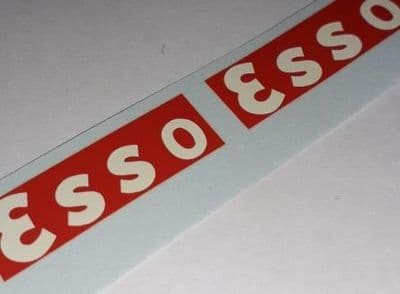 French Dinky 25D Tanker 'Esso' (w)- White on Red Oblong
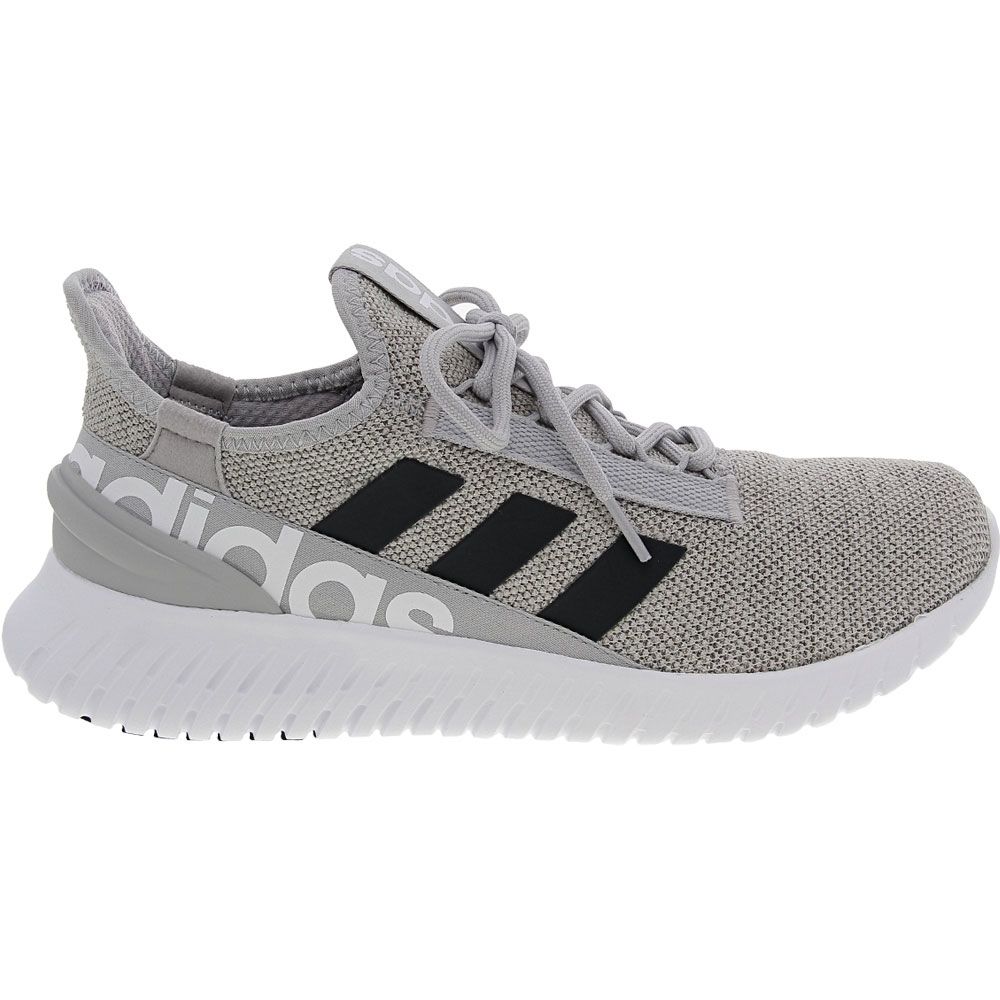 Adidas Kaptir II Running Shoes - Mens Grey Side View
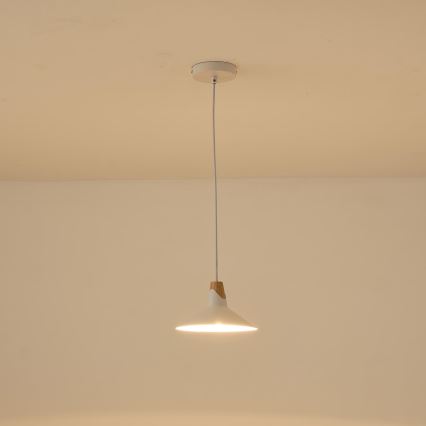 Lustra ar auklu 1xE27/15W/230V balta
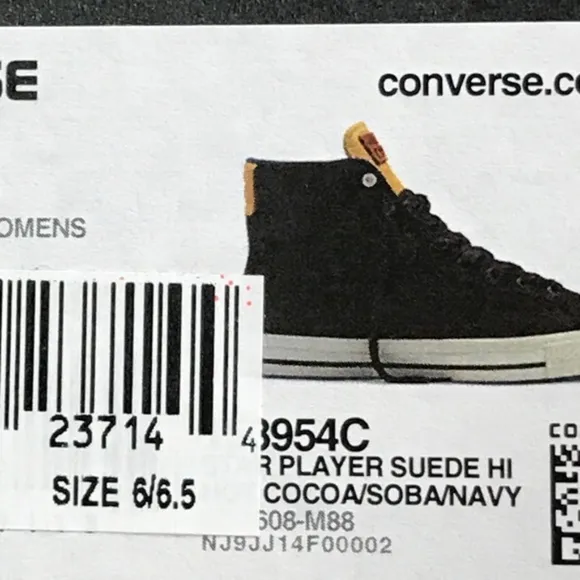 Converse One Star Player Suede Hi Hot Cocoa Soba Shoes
---
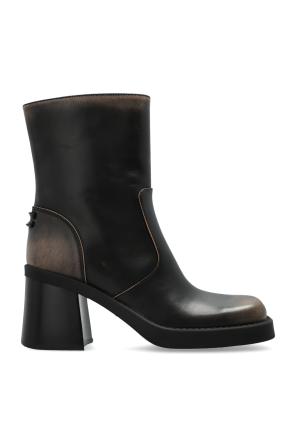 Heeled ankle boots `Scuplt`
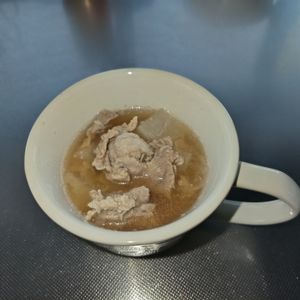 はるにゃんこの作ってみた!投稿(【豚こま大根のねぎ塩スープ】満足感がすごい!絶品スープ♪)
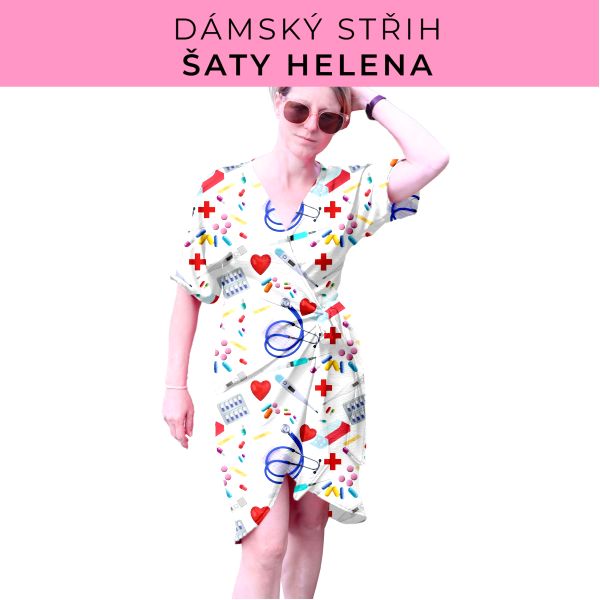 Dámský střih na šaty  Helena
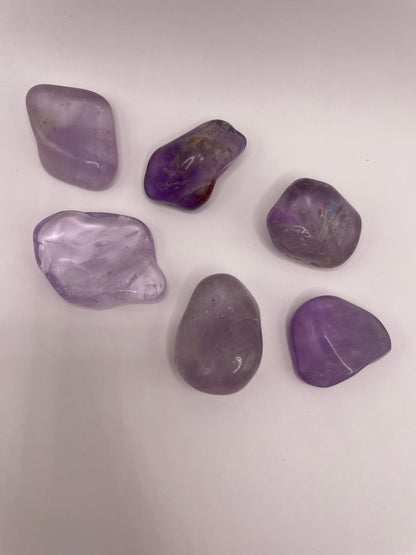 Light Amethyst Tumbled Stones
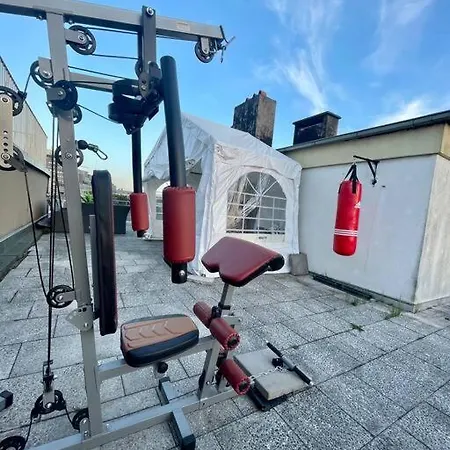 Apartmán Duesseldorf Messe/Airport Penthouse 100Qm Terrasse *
==
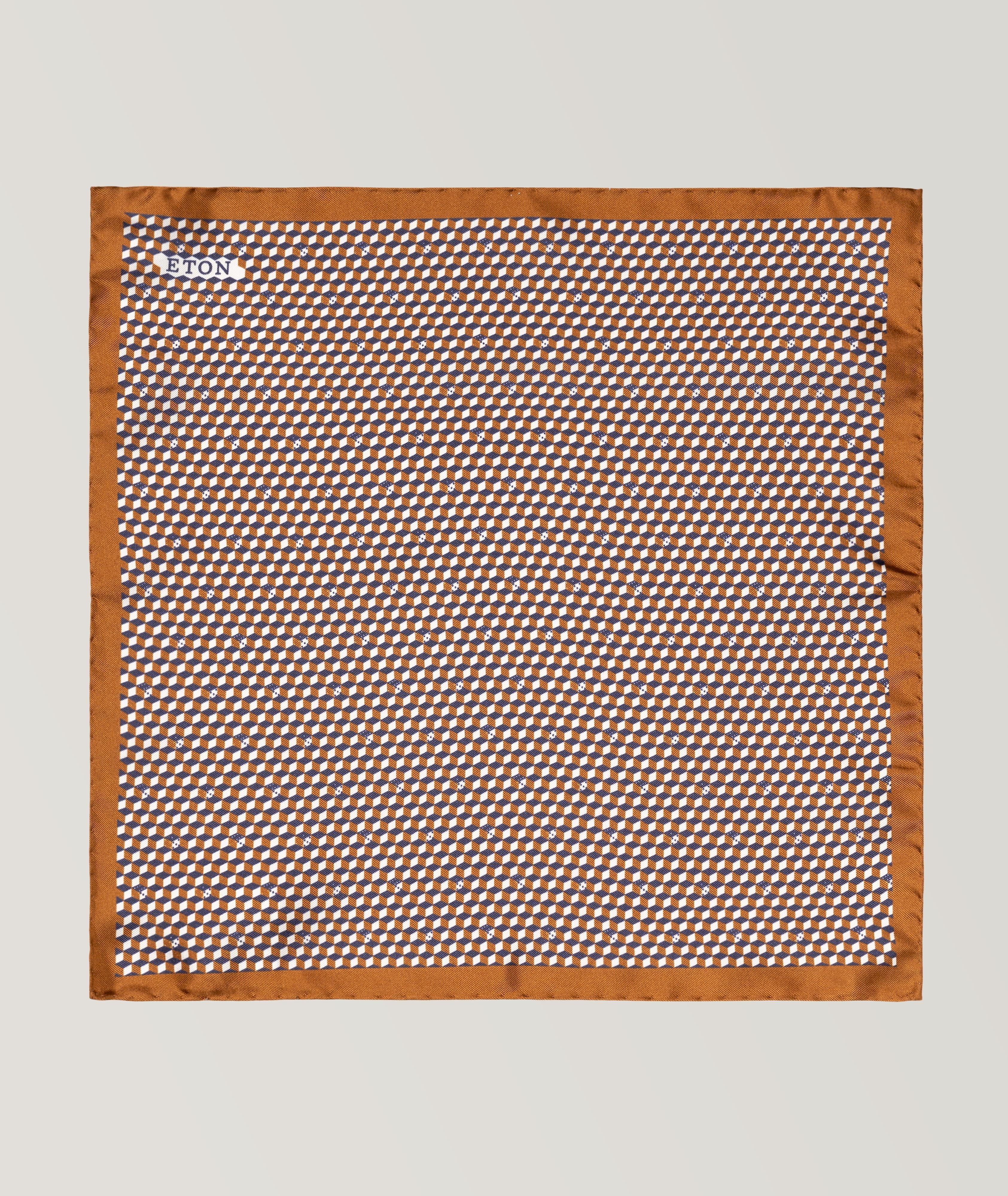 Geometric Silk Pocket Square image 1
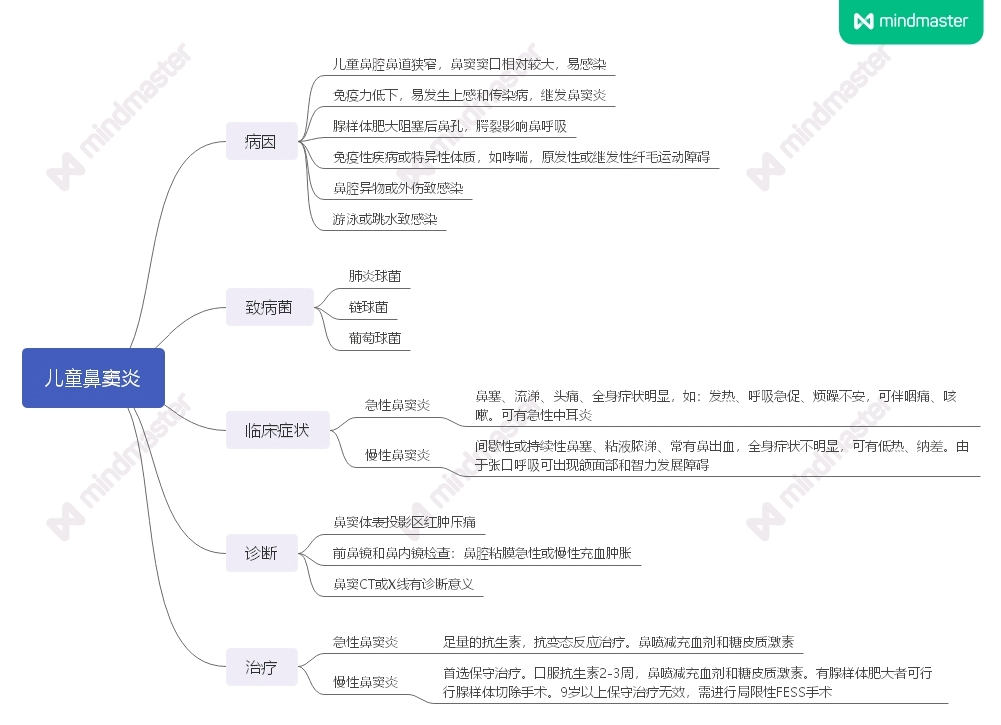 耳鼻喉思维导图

Directions for this task: Respond with the exact lines above running from the one containing "French Dinky 25D" to the one containing "Converse One Star", both ends kept and no pictures included.

Result of this task:
 French Dinky 25D Tanker 'Esso' (w)- White on Red Oblong
 Adidas Kaptir II Running Shoes - Mens Grey Side View
 Lustra ar auklu 1xE27/15W/230V balta
 Converse One Star Player Suede Hi Hot Cocoa Soba Shoes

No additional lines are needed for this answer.